## Task prompt
Of the material below, the lines to be retyped are those from the line containing "Xuân chạm ngõ ,Đông vướng em" through the line containing "2084 Wintergreen Ct, Green", inclusive; reproduce them exactly.

## Source records
++++

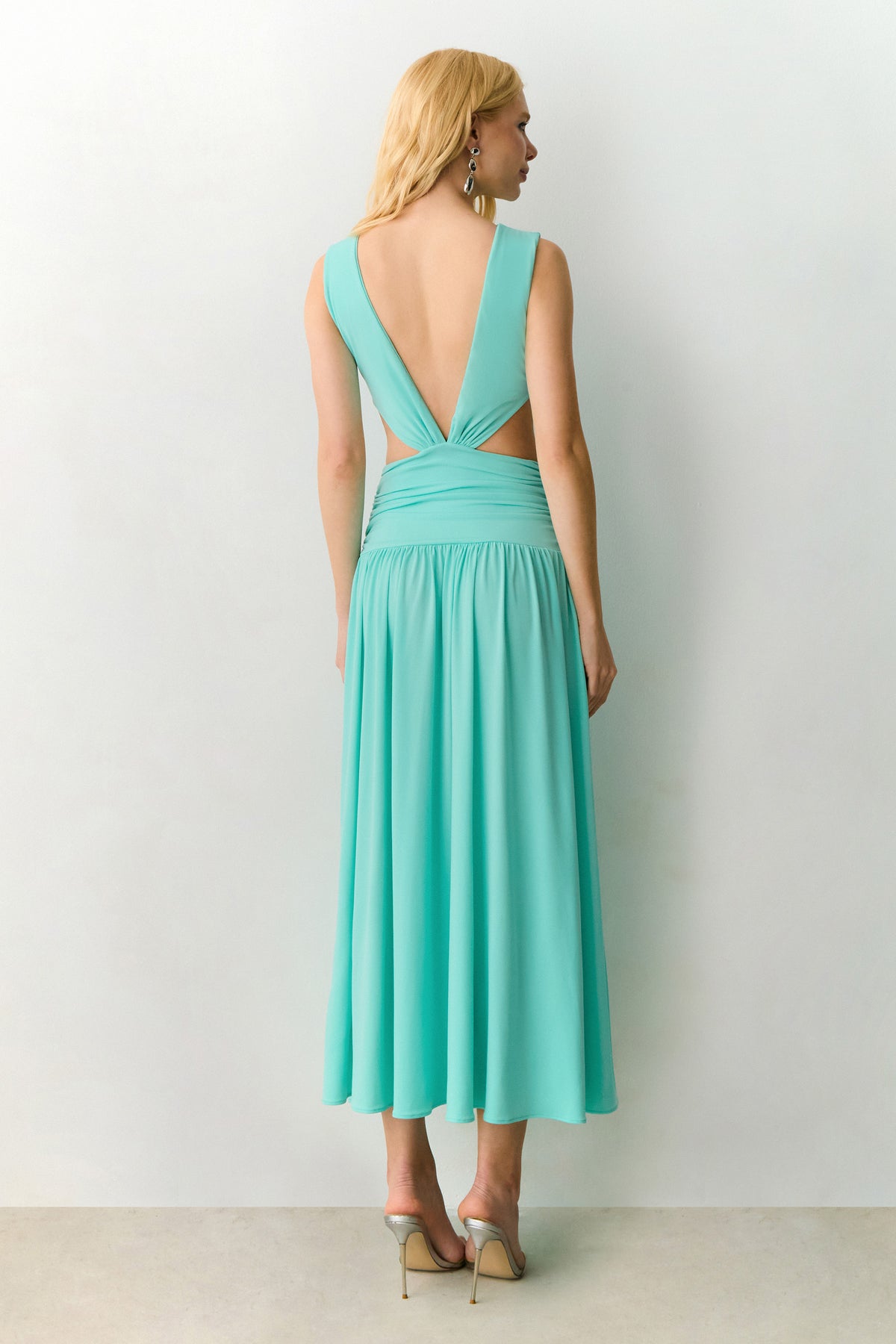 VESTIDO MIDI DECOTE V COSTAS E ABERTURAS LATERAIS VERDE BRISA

++++

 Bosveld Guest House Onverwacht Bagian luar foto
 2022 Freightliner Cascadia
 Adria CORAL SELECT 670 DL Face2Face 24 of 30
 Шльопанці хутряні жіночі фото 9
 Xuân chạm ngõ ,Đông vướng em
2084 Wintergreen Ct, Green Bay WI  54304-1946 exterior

++++

## Worked solution
 Xuân chạm ngõ ,Đông vướng em
2084 Wintergreen Ct, Green Bay WI  54304-1946 exterior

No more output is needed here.